== Material shown ==
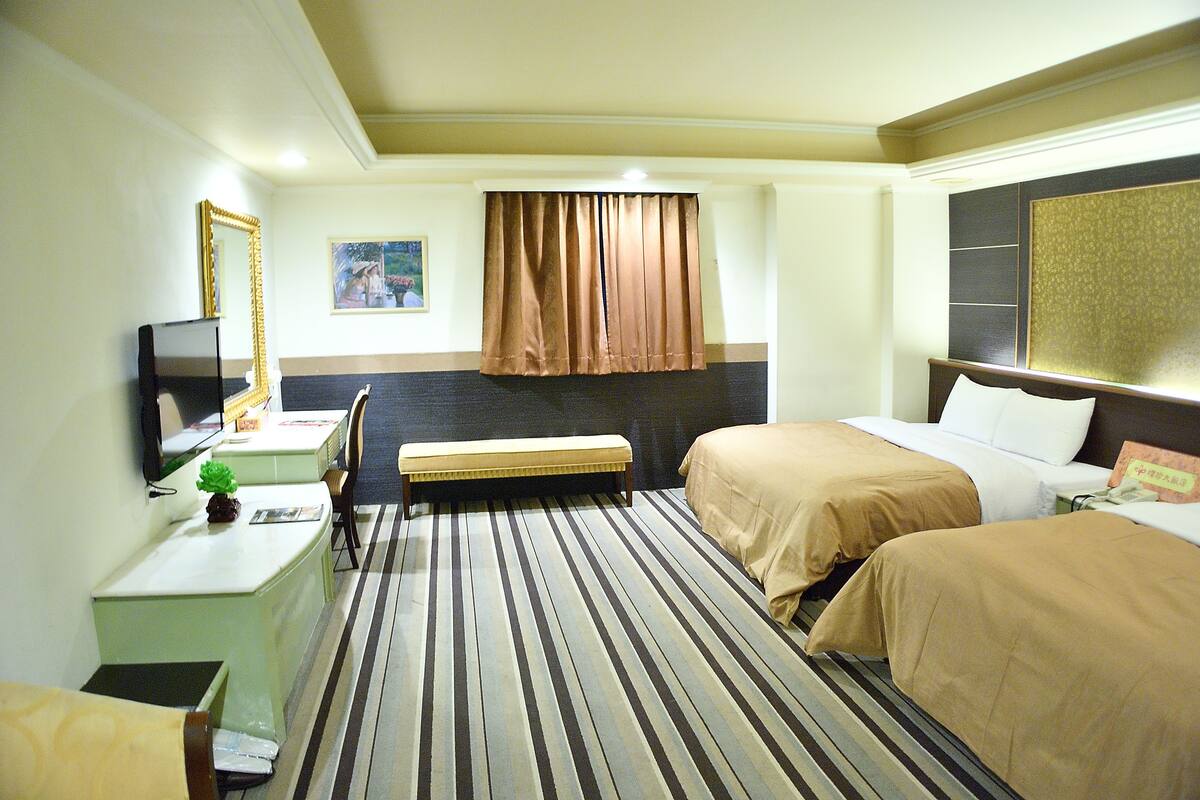 Een hotelkamer met twee bedden, een bureau met stoel, een televisie en een raam met gordijnen.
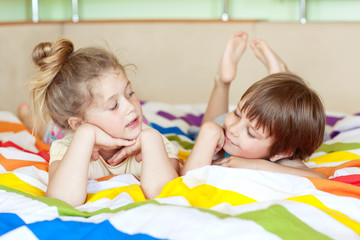 Happy kids in the morning bed  © nuzza11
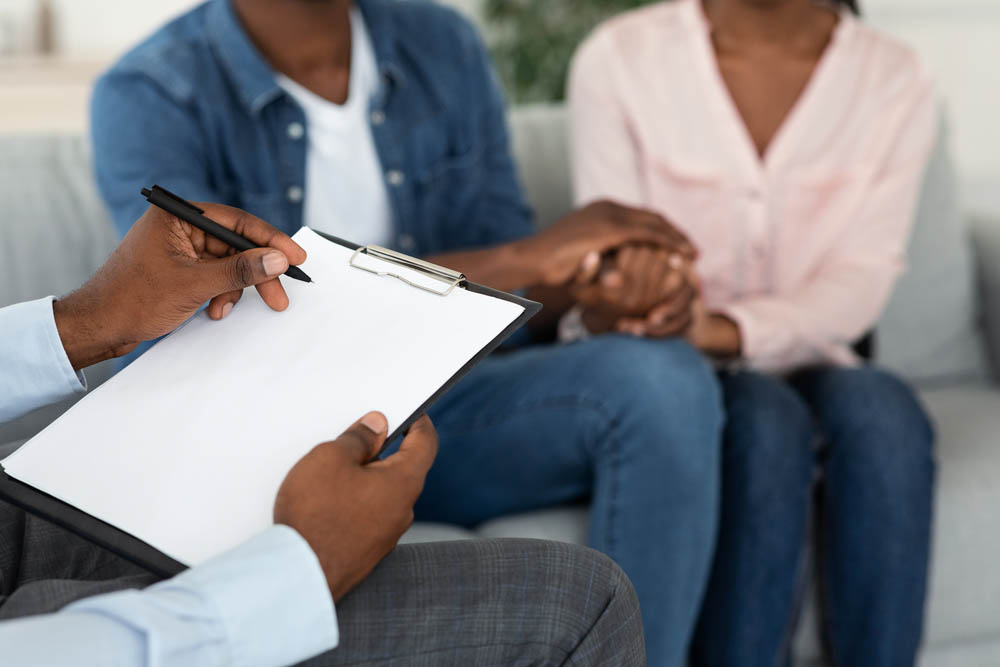 Marital Counselor Taking Notes At Therapy Session With African American Spouses, Holding Blank Clipboard, Filling Information Form At Marriage Counseling Meeting With Blank Couple, Cropped Image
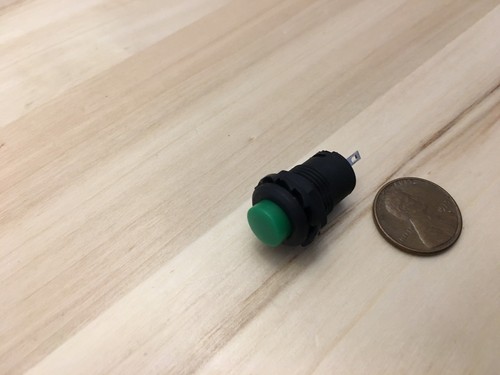 Latching 12mm green push
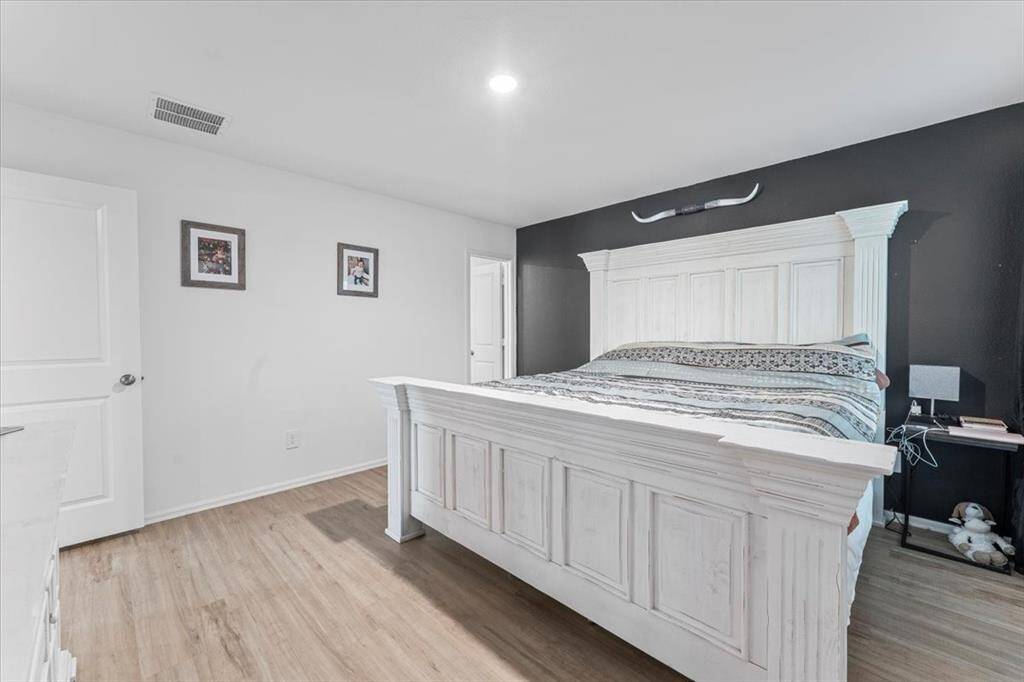 This 14' x 13' primary bedroom offers a comfortable and inviting retreat, with ample space for a king-sized bed and additional furnishings. It includes a private en-suite bath, adding convenience and privacy to this restful space.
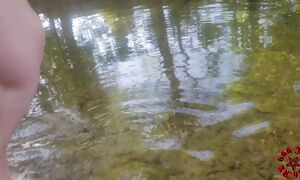 Pissing and cum on her face at the creek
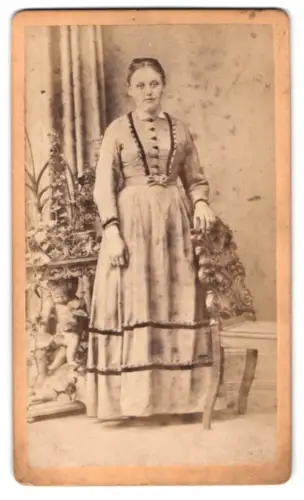 Fotografie Th. Immler, Bregenz, Frau in traditioneller Kleidung neben dekorativem Tisch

== Brief ==
Could you output the full set of entries exactly, skipping every picture?

== Response for this exercise ==
 Een hotelkamer met twee bedden, een bureau met stoel, een televisie en een raam met gordijnen.
 Happy kids in the morning bed  © nuzza11
 Marital Counselor Taking Notes At Therapy Session With African American Spouses, Holding Blank Clipboard, Filling Information Form At Marriage Counseling Meeting With Blank Couple, Cropped Image
 Latching 12mm green push
 This 14' x 13' primary bedroom offers a comfortable and inviting retreat, with ample space for a king-sized bed and additional furnishings. It includes a private en-suite bath, adding convenience and privacy to this restful space.
 Pissing and cum on her face at the creek
 Fotografie Th. Immler, Bregenz, Frau in traditioneller Kleidung neben dekorativem Tisch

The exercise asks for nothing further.